Go’s SDK uses defer for cleanup, which pairs naturally with the stream lifecycle. Notice sdk.Free() releases the underlying native resources — skip it and you’ll leak memory in long-running services. JSON records are raw strings, not structs, so you format them directly.

“Create a TypeScript Zerobus producer that ingests JSON events from a Node.js application.”

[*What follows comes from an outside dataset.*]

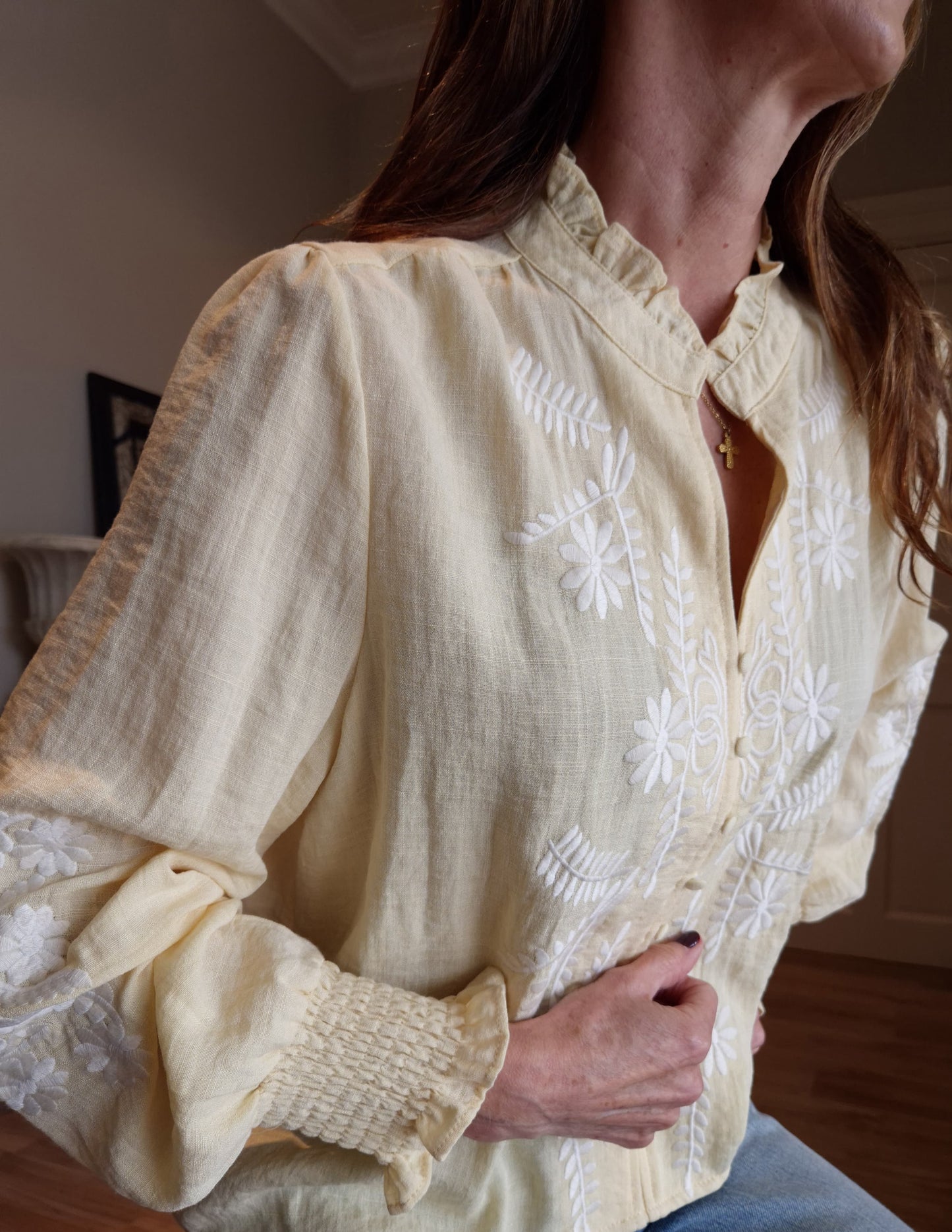 Embroidered blouse with elasticated cuff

import { ZerobusSdk, RecordType } from "@databricks/zerobus-ingest-sdk";
const sdk = new ZerobusSdk(
process.env.ZEROBUS_SERVER_ENDPOINT!,
process.env.DATABRICKS_WORKSPACE_URL!,
);
const stream = await sdk.createStream(
{ tableName: process.env.ZEROBUS_TABLE_NAME! },
process.env.DATABRICKS_CLIENT_ID!,
process.env.DATABRICKS_CLIENT_SECRET!,
{ recordType: RecordType.Json },
);
try {
for (let i = 0; i < 100; i++) {
const offset = await stream.ingestRecordOffset({
device_name: `sensor-${i}`,
temp: 22,
humidity: 55,
});
await stream.waitForOffset(offset);
}
await stream.flush();
} finally {
await stream.close();
}

TypeScript’s native async/await maps directly to the SDK’s Promise-based API. Every method that touches the network — createStream, ingestRecordOffset, waitForOffset, flush, close — returns a Promise, so you await each one in sequence.

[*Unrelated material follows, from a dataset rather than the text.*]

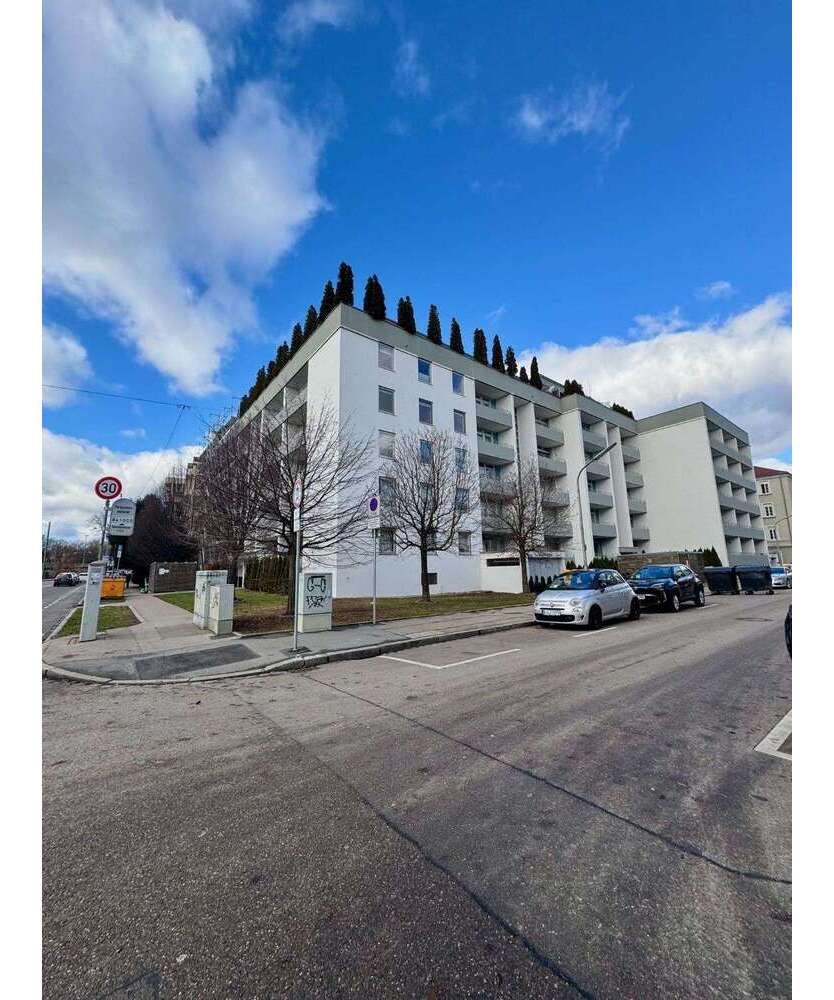 Wohnung zum Mieten in Augsburg 470 € 38 m²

“Add retry and exponential backoff to my TypeScript Zerobus producer.”

async function ingestWithRetry(
stream: any,
record: Record<string, unknown>,
maxRetries = 3,
): Promise<boolean> {
for (let attempt = 0; attempt < maxRetries; attempt++) {
try {
const offset = await stream.ingestRecordOffset(record);
await stream.waitForOffset(offset);
return true;
} catch (error) {
console.warn(`Attempt ${attempt + 1}/${maxRetries} failed:`, error);
if (attempt < maxRetries - 1) {
await new Promise((r) => setTimeout(r, 2 ** attempt * 1000));
}
}
}
return false;
}

This wraps the ingest-and-wait cycle with exponential backoff. For production, you’d also reinitialize the stream on connection errors (the same pattern as the Python reusable client class on the Python Client page).

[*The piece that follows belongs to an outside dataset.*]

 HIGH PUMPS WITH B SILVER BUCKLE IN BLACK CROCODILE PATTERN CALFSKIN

“Build a Rust application that ingests JSON data into Databricks via Zerobus.”

use databricks_zerobus_ingest_sdk::{
RecordType, StreamConfigurationOptions, TableProperties, ZerobusSdk,
};
use std::env;
use std::error::Error;
#[tokio::main]
async fn main() -> Result<(), Box<dyn Error>> {
let sdk = ZerobusSdk::new(
env::var("ZEROBUS_SERVER_ENDPOINT")?,
env::var("DATABRICKS_WORKSPACE_URL")?,
)?;
let table_properties = TableProperties {
table_name: env::var("ZEROBUS_TABLE_NAME")?,
descriptor_proto: None,
};
let options = StreamConfigurationOptions {
record_type: RecordType::Json,
..Default::default()
};
let mut stream = sdk
.create_stream(
table_properties,
env::var("DATABRICKS_CLIENT_ID")?,
env::var("DATABRICKS_CLIENT_SECRET")?,
Some(options),
)
.await?;
for i in 0..100 {
let record = format!(
r#"{{"device_name": "sensor-{}", "temp": 22, "humidity": 55}}"#, i
);
let offset = stream.ingest_record_offset(record.into_bytes()).await?;
stream.wait_for_offset(offset).await?;
}
stream.close().await?;
Ok(())
}

Rust’s SDK runs on Tokio. Records are byte vectors, so you serialize to JSON manually with format! and call .into_bytes(). For Protobuf, set descriptor_proto: Some(proto_bytes) in TableProperties and pass prost-encoded messages instead.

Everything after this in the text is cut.